- _THE TASK_
The expected output is each line from the one containing "J. PRESS 레드 라벨 토트백 네이비" to the last line of the data below, set down exactly, minus the pictures.

+ + + + + + +

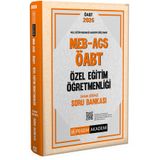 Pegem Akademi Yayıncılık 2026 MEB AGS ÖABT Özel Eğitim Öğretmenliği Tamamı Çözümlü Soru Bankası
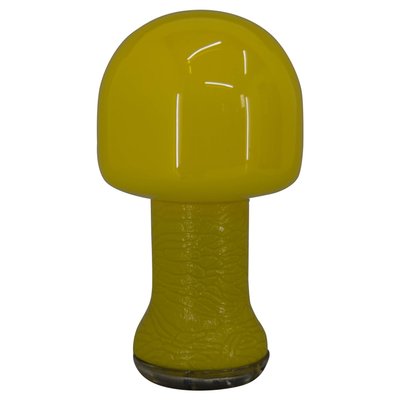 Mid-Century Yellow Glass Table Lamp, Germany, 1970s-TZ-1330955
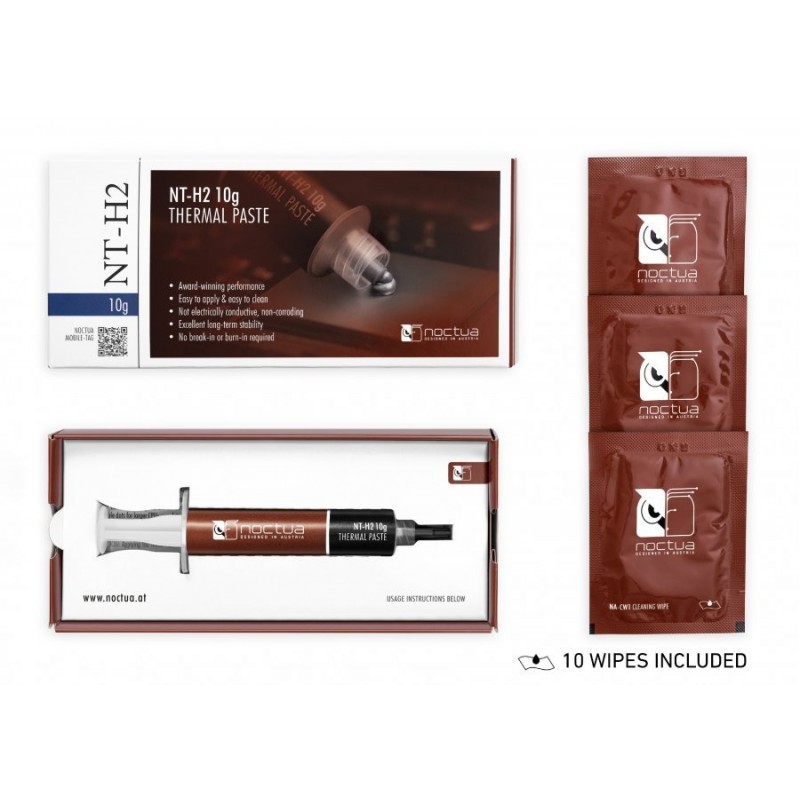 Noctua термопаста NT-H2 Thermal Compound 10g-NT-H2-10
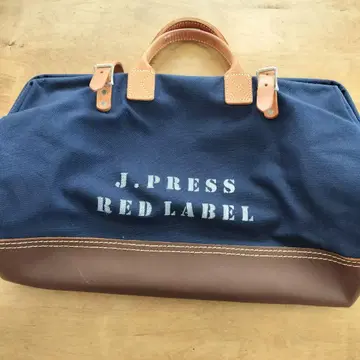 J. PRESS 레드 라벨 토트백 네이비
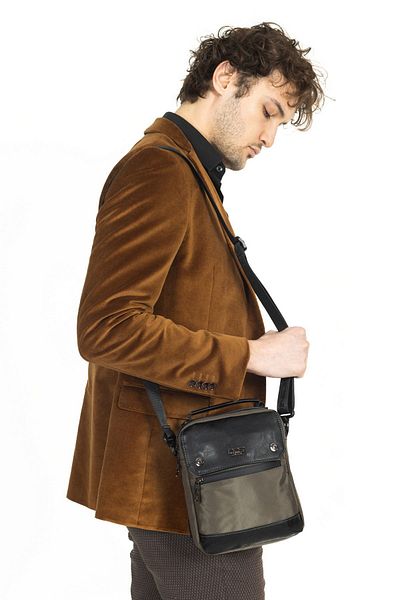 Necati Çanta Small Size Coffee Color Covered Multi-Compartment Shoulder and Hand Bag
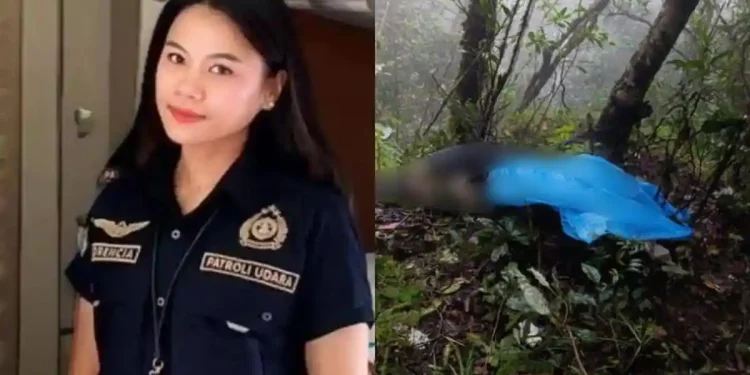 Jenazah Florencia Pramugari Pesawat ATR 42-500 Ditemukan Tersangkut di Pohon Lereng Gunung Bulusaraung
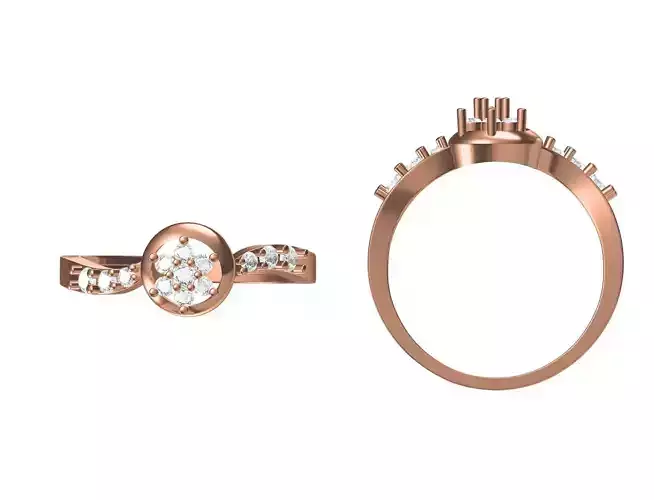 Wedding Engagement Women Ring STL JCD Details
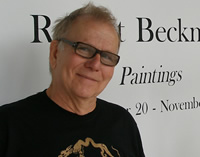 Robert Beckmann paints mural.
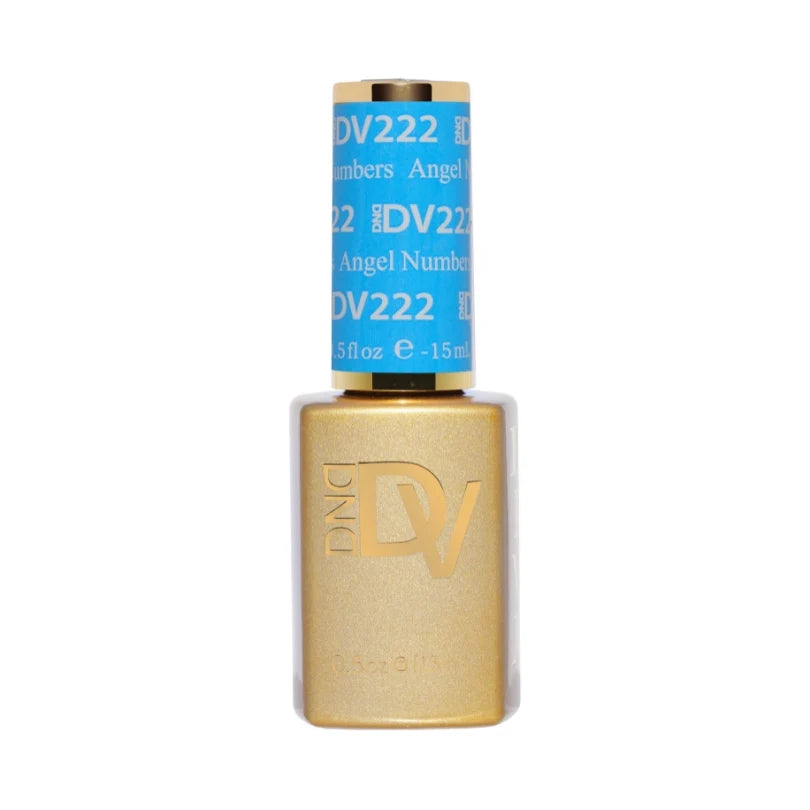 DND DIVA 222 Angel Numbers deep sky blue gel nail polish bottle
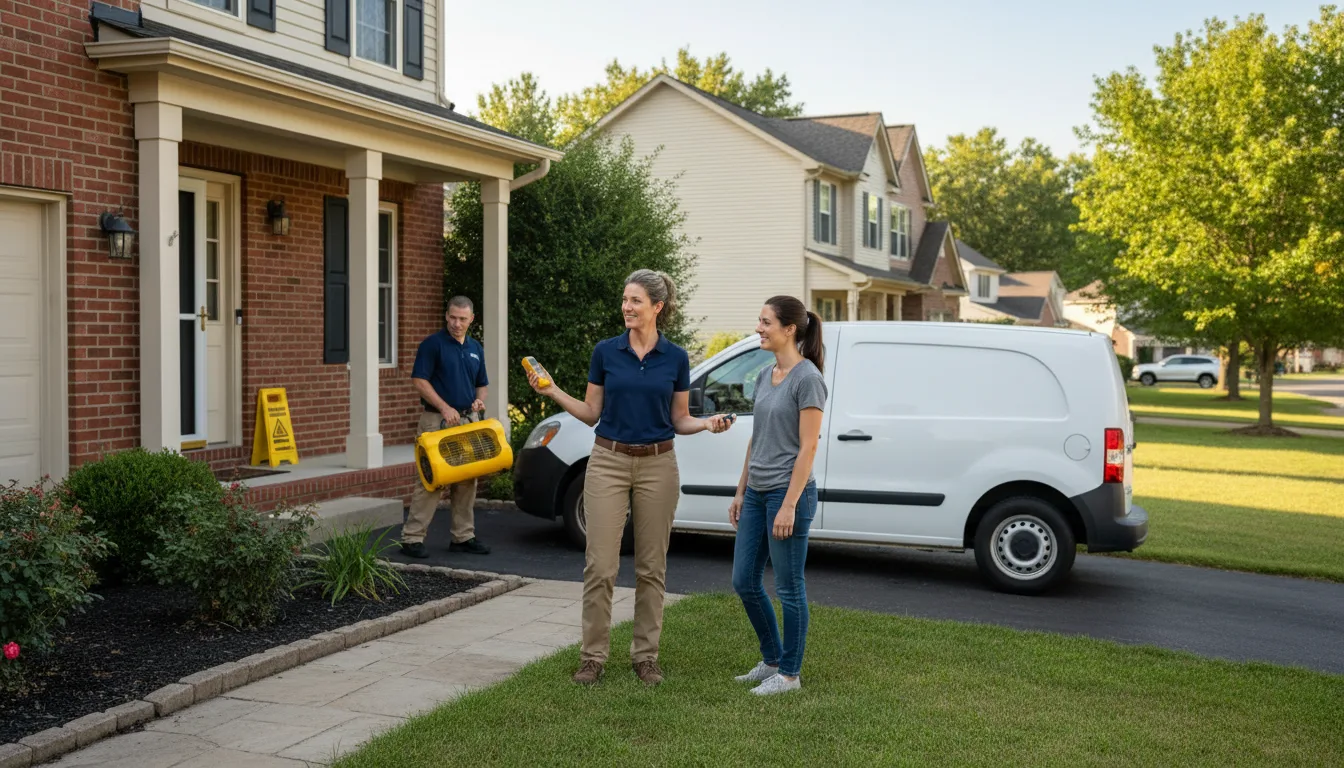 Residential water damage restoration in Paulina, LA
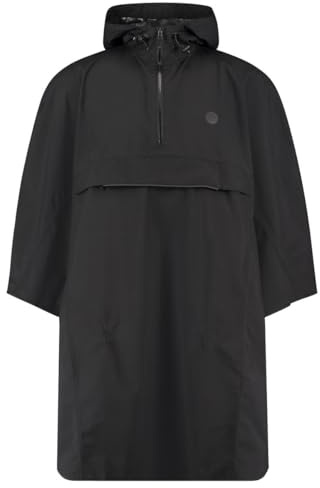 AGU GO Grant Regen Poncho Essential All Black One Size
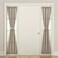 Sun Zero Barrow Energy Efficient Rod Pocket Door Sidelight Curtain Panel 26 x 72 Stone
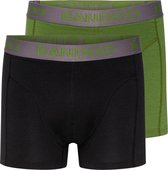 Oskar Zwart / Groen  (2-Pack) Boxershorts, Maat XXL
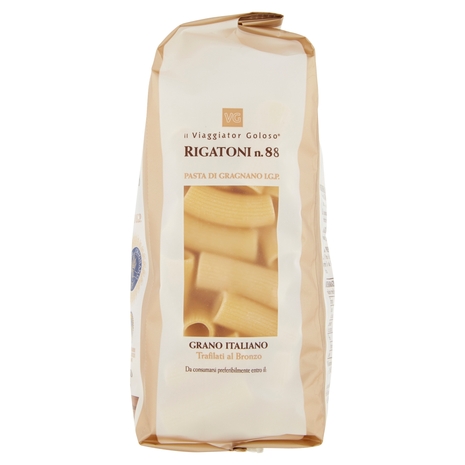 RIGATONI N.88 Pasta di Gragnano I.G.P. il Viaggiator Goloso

+ + + + + + +

- _EXERCISE RESPONSE_
 J. PRESS 레드 라벨 토트백 네이비
 Necati Çanta Small Size Coffee Color Covered Multi-Compartment Shoulder and Hand Bag
 Jenazah Florencia Pramugari Pesawat ATR 42-500 Ditemukan Tersangkut di Pohon Lereng Gunung Bulusaraung
 Wedding Engagement Women Ring STL JCD Details
 Robert Beckmann paints mural.
 DND DIVA 222 Angel Numbers deep sky blue gel nail polish bottle
 Residential water damage restoration in Paulina, LA
 AGU GO Grant Regen Poncho Essential All Black One Size
 Sun Zero Barrow Energy Efficient Rod Pocket Door Sidelight Curtain Panel 26 x 72 Stone
 Oskar Zwart / Groen  (2-Pack) Boxershorts, Maat XXL
 RIGATONI N.88 Pasta di Gragnano I.G.P. il Viaggiator Goloso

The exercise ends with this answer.